=== INPUT DATA ===
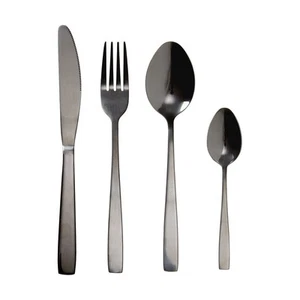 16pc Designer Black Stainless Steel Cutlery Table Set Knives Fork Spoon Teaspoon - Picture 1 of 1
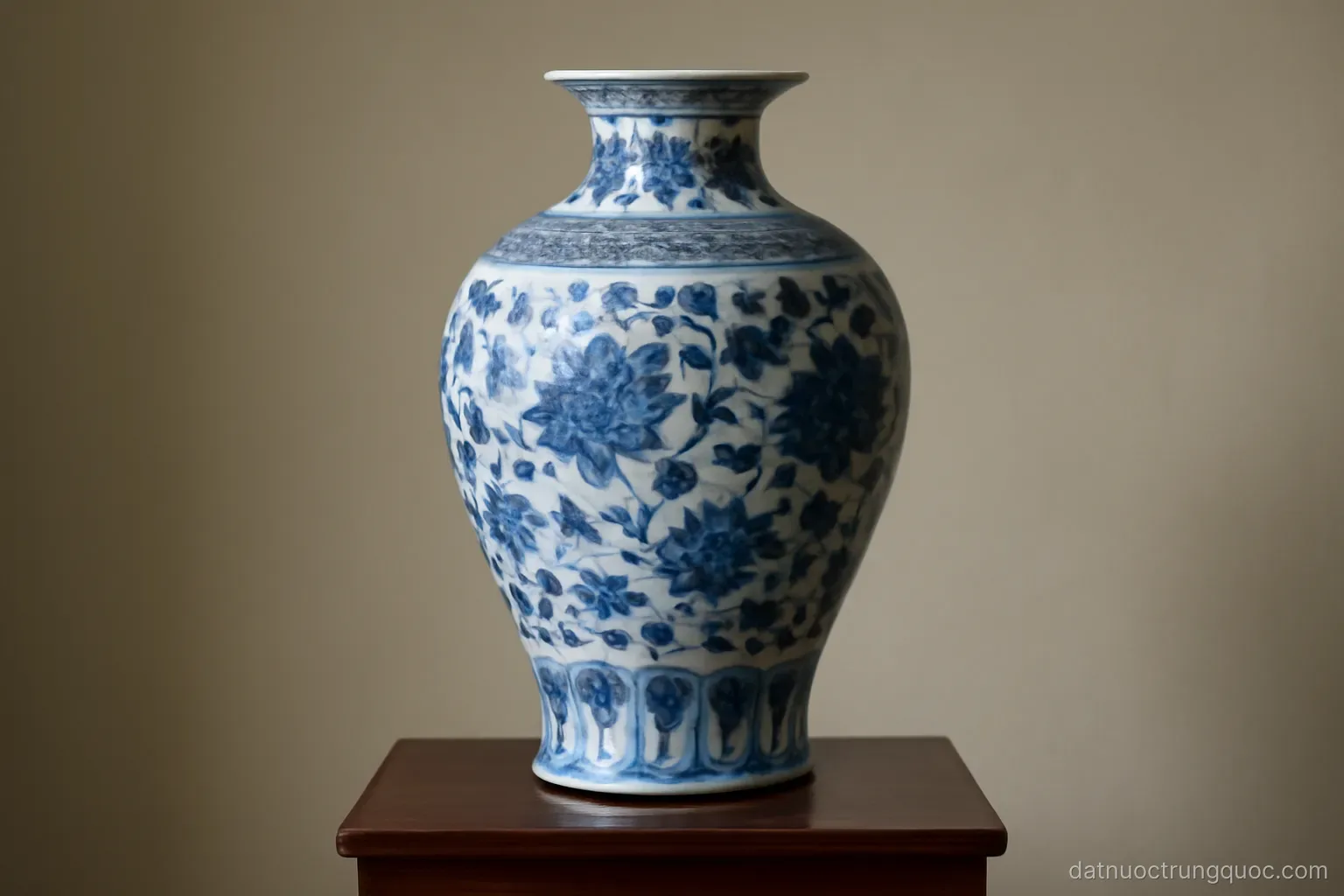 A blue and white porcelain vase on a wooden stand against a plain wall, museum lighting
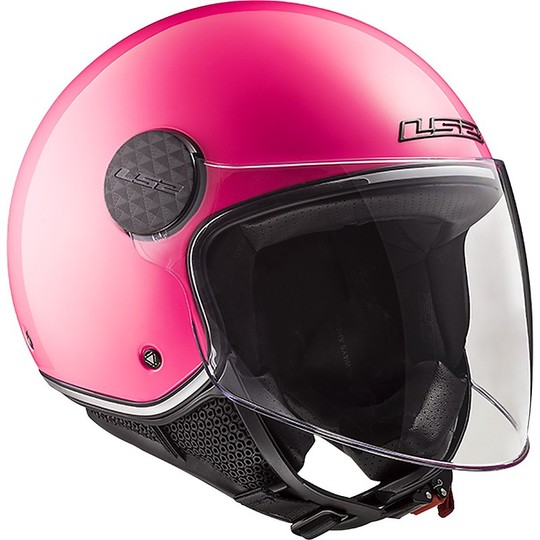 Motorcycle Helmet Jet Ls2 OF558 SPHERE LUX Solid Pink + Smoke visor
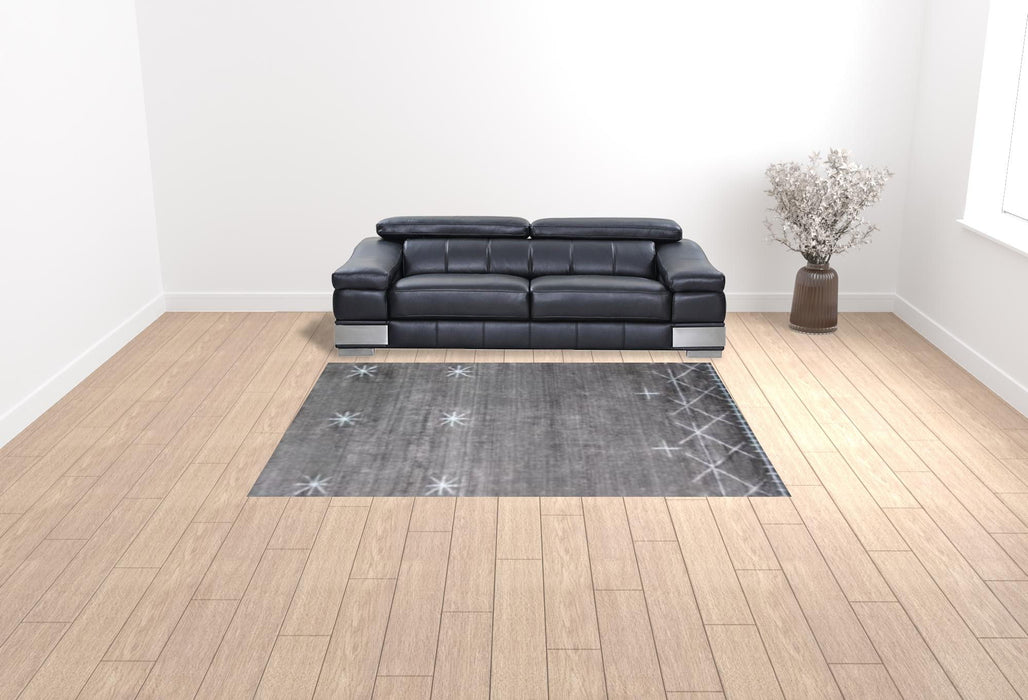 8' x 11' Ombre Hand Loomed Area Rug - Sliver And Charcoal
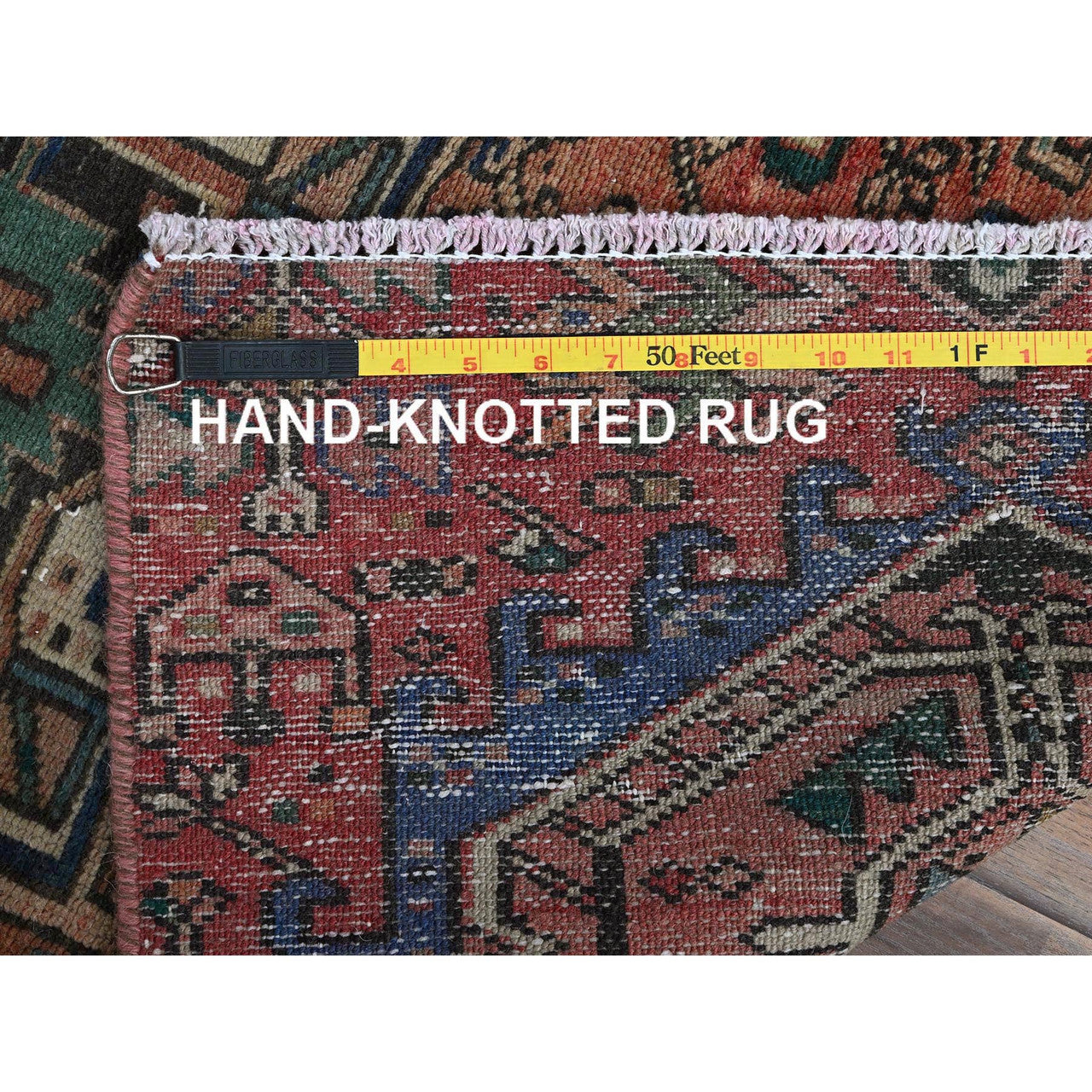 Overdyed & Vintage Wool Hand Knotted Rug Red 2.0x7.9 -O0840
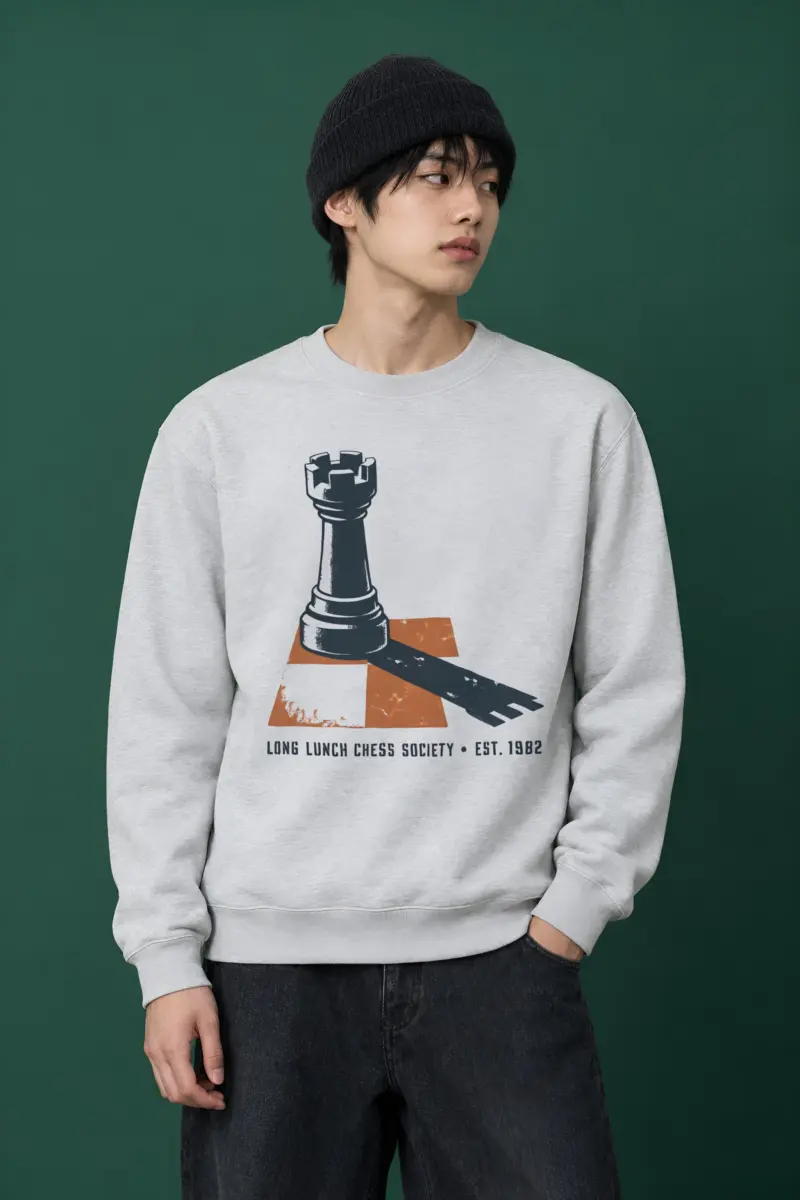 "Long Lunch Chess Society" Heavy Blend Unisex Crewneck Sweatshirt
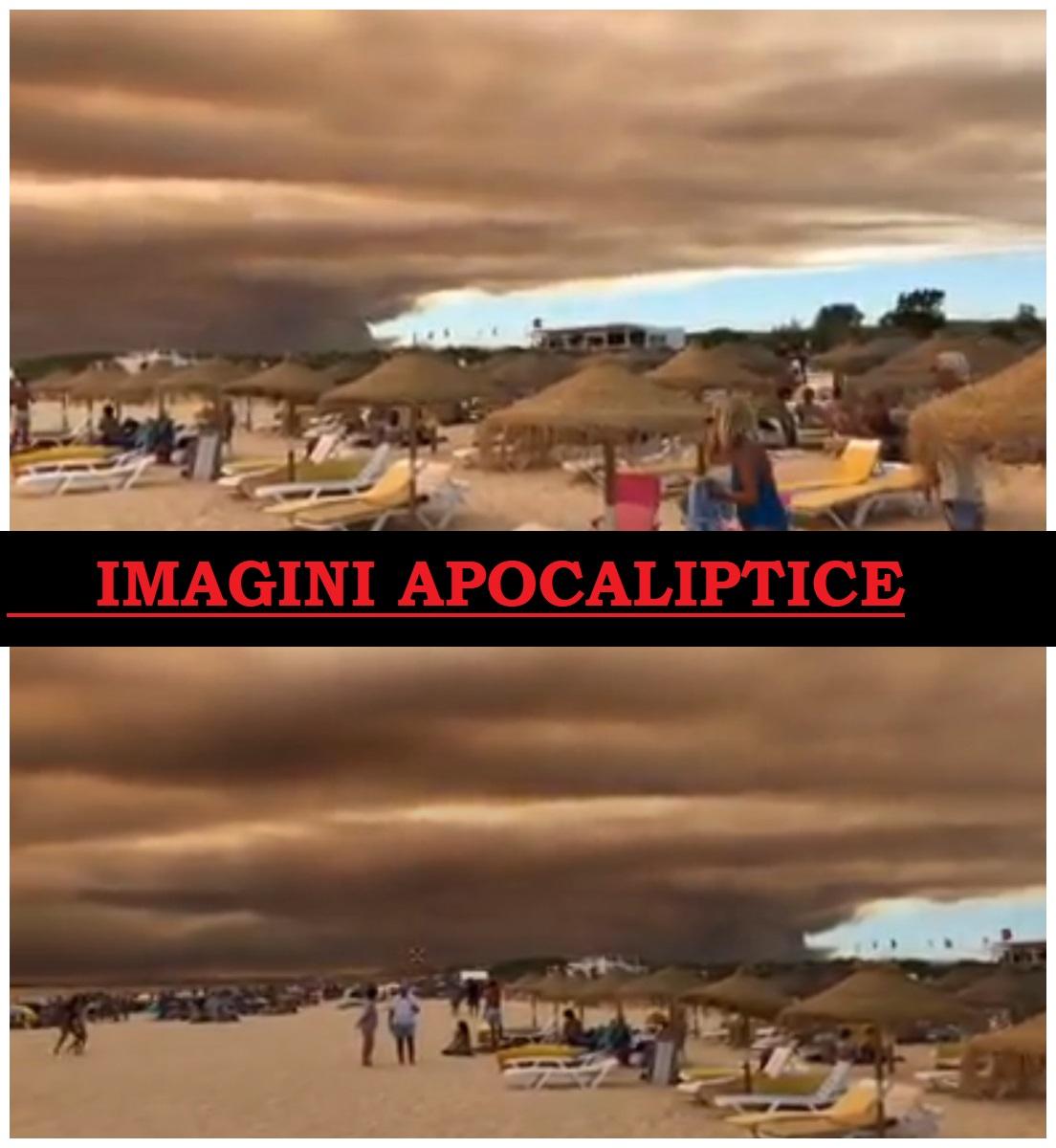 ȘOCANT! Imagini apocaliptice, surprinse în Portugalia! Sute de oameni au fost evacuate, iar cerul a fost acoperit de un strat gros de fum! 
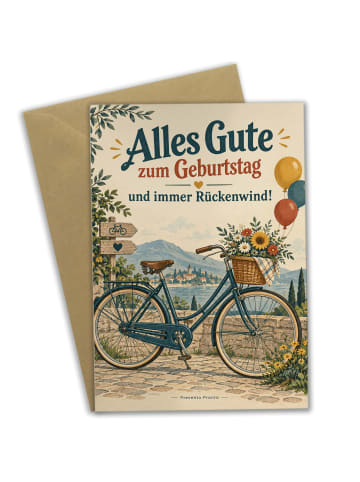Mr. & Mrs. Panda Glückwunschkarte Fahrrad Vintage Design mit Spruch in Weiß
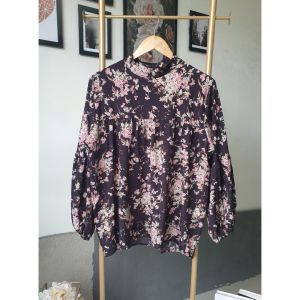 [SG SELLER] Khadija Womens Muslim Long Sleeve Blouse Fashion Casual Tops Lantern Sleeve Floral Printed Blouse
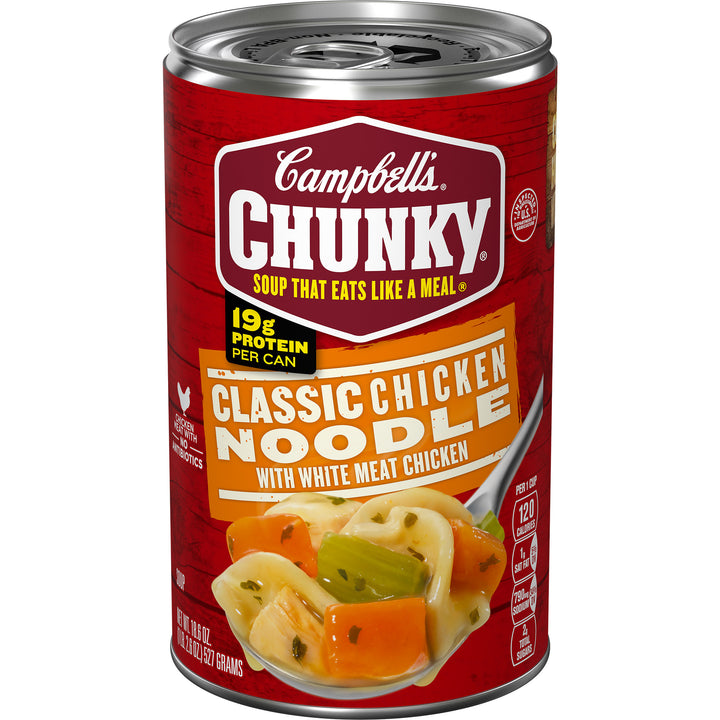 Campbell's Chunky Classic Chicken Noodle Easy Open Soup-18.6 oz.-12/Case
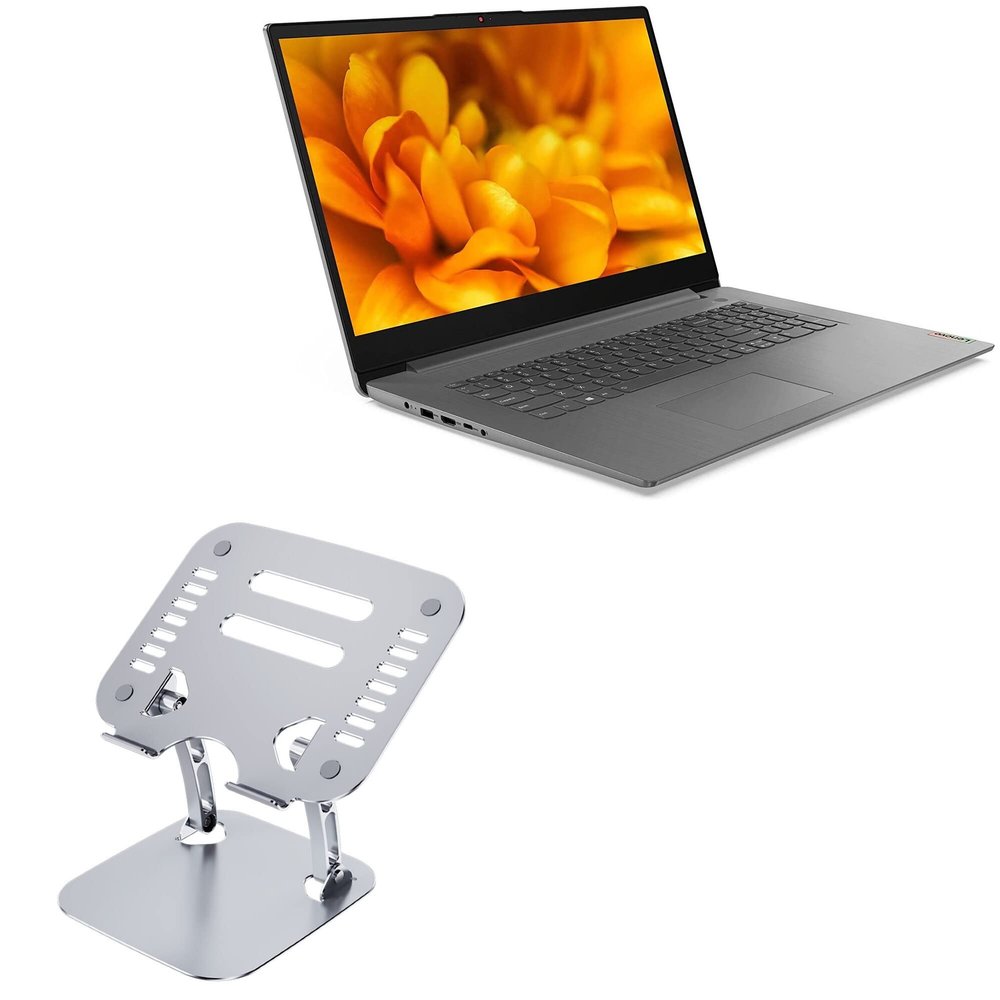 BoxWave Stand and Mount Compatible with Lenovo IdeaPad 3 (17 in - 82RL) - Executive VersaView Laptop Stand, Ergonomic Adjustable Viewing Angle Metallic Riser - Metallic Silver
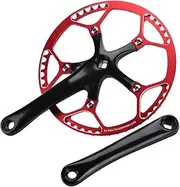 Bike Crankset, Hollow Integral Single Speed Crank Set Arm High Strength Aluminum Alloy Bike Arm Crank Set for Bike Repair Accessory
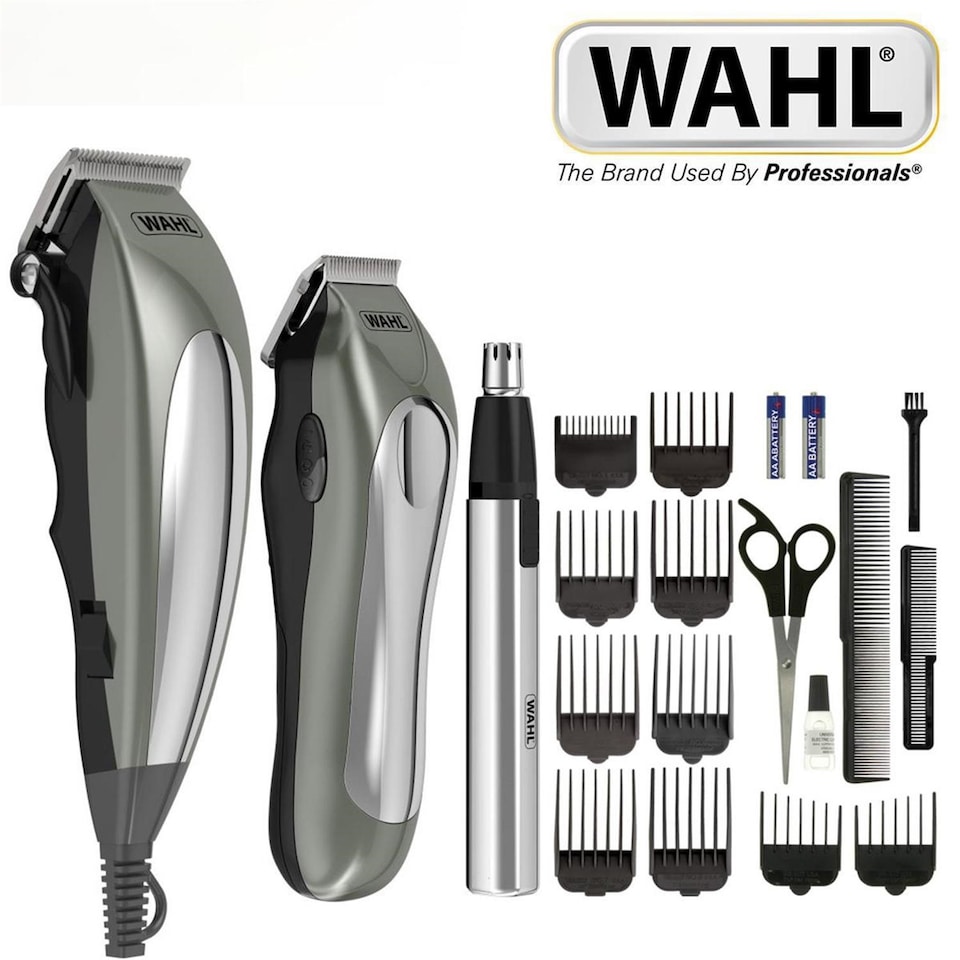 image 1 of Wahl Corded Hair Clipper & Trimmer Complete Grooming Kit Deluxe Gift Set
===
WHAT IS BEING ASKED
Output every record above exactly, leaving out the pictures.

REPLY TO THE EXERCISE
 16pc Designer Black Stainless Steel Cutlery Table Set Knives Fork Spoon Teaspoon - Picture 1 of 1
 A blue and white porcelain vase on a wooden stand against a plain wall, museum lighting
 Motorcycle Helmet Jet Ls2 OF558 SPHERE LUX Solid Pink + Smoke visor
 8' x 11' Ombre Hand Loomed Area Rug - Sliver And Charcoal
 Overdyed & Vintage Wool Hand Knotted Rug Red 2.0x7.9 -O0840
 "Long Lunch Chess Society" Heavy Blend Unisex Crewneck Sweatshirt
 ȘOCANT! Imagini apocaliptice, surprinse în Portugalia! Sute de oameni au fost evacuate, iar cerul a fost acoperit de un strat gros de fum! 
Mr. & Mrs. Panda Glückwunschkarte Fahrrad Vintage Design mit Spruch in Weiß
 [SG SELLER] Khadija Womens Muslim Long Sleeve Blouse Fashion Casual Tops Lantern Sleeve Floral Printed Blouse
 Campbell's Chunky Classic Chicken Noodle Easy Open Soup-18.6 oz.-12/Case
 BoxWave Stand and Mount Compatible with Lenovo IdeaPad 3 (17 in - 82RL) - Executive VersaView Laptop Stand, Ergonomic Adjustable Viewing Angle Metallic Riser - Metallic Silver
 Bike Crankset, Hollow Integral Single Speed Crank Set Arm High Strength Aluminum Alloy Bike Arm Crank Set for Bike Repair Accessory
 image 1 of Wahl Corded Hair Clipper & Trimmer Complete Grooming Kit Deluxe Gift Set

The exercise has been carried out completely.